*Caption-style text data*
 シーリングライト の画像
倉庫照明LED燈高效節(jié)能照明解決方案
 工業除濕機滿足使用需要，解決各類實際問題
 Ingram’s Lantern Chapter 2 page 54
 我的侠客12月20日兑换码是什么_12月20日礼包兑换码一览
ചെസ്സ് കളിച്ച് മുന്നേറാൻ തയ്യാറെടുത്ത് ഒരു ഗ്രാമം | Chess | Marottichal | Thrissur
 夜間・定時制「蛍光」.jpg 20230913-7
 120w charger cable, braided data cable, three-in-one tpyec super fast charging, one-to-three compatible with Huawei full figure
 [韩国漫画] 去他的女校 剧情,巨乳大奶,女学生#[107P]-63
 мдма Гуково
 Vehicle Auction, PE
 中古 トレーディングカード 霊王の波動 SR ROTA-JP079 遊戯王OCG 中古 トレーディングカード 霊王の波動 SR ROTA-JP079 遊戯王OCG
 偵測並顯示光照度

*AIM OF THE TASK*
Exact copies of the lines from the one holding "夜間・定時制「蛍光」.jpg 20230913-7" to the end of the entries are all that should be written.

*OUTPUT OF THE EXERCISE*
 夜間・定時制「蛍光」.jpg 20230913-7
 120w charger cable, braided data cable, three-in-one tpyec super fast charging, one-to-three compatible with Huawei full figure
 [韩国漫画] 去他的女校 剧情,巨乳大奶,女学生#[107P]-63
 мдма Гуково
 Vehicle Auction, PE
 中古 トレーディングカード 霊王の波動 SR ROTA-JP079 遊戯王OCG 中古 トレーディングカード 霊王の波動 SR ROTA-JP079 遊戯王OCG
 偵測並顯示光照度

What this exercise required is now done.